Although the jury should not be presented with evidence of the defendant's prior DUI convictions, “the indictment should put [the defendant] on notice that he is being charged with a violation of § 32-5A-191(a)(2), made a felony by § 32-5A-191(h)[, Ala.Code 1975].”   Ex parte Formby, 750 So.2d 587, 590 (Ala.1999).   Thus, because count two did not refer to the pertinent section of the DUI statute and did not put Pruitt on notice that this count was charging him with a felony, it was insufficient to charge felony DUI. However, count two was sufficient to charge misdemeanor DUI. Thus, because count two of the indictment charged Pruitt merely with misdemeanor driving under the influence of alcohol, it will not support a conviction for felony DUI.

 “Matters concerning unauthorized sentences are jurisdictional.”   Hunt v. State, 659 So.2d 998, 999 (Ala.Crim.App.1994).   Therefore, even though Pruitt did not raise the issue in the trial court, we must address his claim on appeal.   See Pender v.
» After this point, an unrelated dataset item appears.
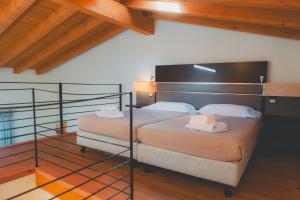 Cama ou camas em um quarto em AHG Donna Silvia Wellness Hotel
State, 740 So.2d 482 (Ala.Crim.App.1999).   Because count two of the indictment did not charge Pruitt with a felony, the trial court must vacate Pruitt's conviction for felony DUI. However, because this is Pruitt's fourth DUI conviction, he is eligible pursuant to § 32-5A-191(g), Ala.Code 1975, to “be punished by a fine of not less than two thousand one hundred dollars ($2,100) nor more than ten thousand one hundred dollars ($10,100) and by imprisonment, which may include hard labor, in the county or municipal jail for not less than 60 days nor more than one year.”
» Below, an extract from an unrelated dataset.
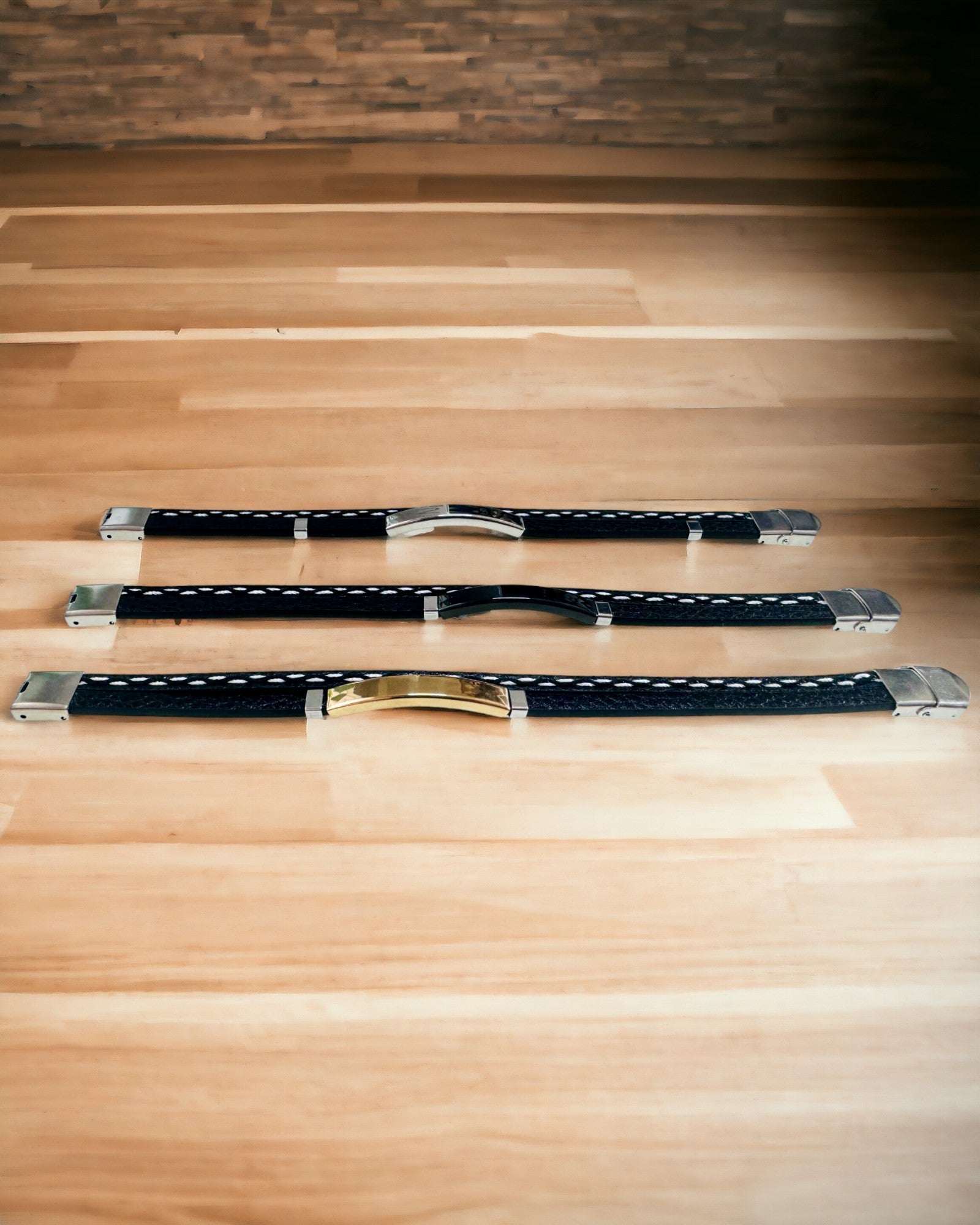 Pulseira Desportiva de Pele PU e Aço Inoxidável com Possibilidade de Gravação – 3 Cores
Accordingly, we remand this cause to the trial court with directions for that court to vacate Pruitt's conviction for felony DUI and to adjudge him guilty of misdemeanor DUI in accordance with count two of the indictment.   We further order the trial court to resentence Pruitt on his conviction for driving under the influence in accordance with § 32-5A-191(g), Ala.Code 1975.   Due return should be filed with this Court no later than 28 days from the date of this opinion.
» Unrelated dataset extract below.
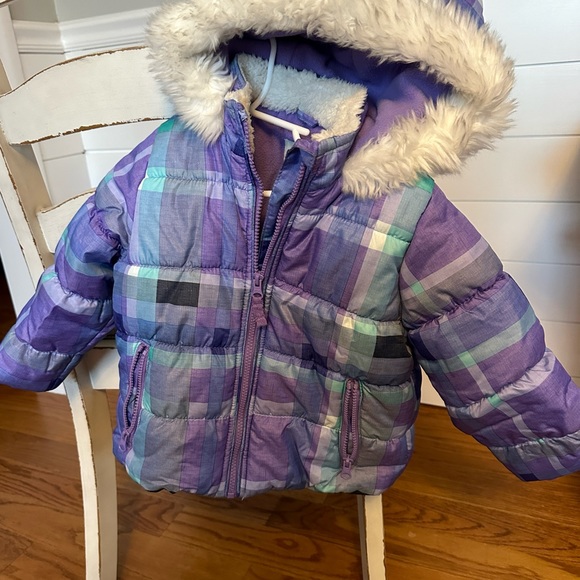 Oshkosh girls size 4 winter coat - Picture 1 of 2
1.   Pruitt did not object at the trial court and does not raise any issues concerning this fact on appeal.   However, we must note that evidence of prior DUI convictions are not to be presented to the jury.   The prior convictions are to be used-and evidence of them admitted-only during the sentencing phase.   Ex parte Parker, 740 So.2d 432 (Ala.1999).

COBB, Judge.

McMILLAN, P.J., and BASCHAB, SHAW, and WISE, JJ., concur.